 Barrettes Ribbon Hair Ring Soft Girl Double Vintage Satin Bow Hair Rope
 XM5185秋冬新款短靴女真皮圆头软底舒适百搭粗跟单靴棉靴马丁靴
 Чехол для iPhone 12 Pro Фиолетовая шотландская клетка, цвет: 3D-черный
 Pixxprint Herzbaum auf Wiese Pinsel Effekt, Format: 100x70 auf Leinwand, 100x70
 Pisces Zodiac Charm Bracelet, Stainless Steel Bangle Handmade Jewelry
...
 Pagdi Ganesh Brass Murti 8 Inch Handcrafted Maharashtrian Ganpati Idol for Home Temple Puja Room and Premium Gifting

» **TASK INSTRUCTIONS**
Taking the material above, extract exactly and only the lines from the line with "Barrettes Ribbon Hair" to the line with "Pisces Zodiac Charm", inclusive of both.

» **RESPONSE BELOW**
 Barrettes Ribbon Hair Ring Soft Girl Double Vintage Satin Bow Hair Rope
 XM5185秋冬新款短靴女真皮圆头软底舒适百搭粗跟单靴棉靴马丁靴
 Чехол для iPhone 12 Pro Фиолетовая шотландская клетка, цвет: 3D-черный
 Pixxprint Herzbaum auf Wiese Pinsel Effekt, Format: 100x70 auf Leinwand, 100x70
 Pisces Zodiac Charm Bracelet, Stainless Steel Bangle Handmade Jewelry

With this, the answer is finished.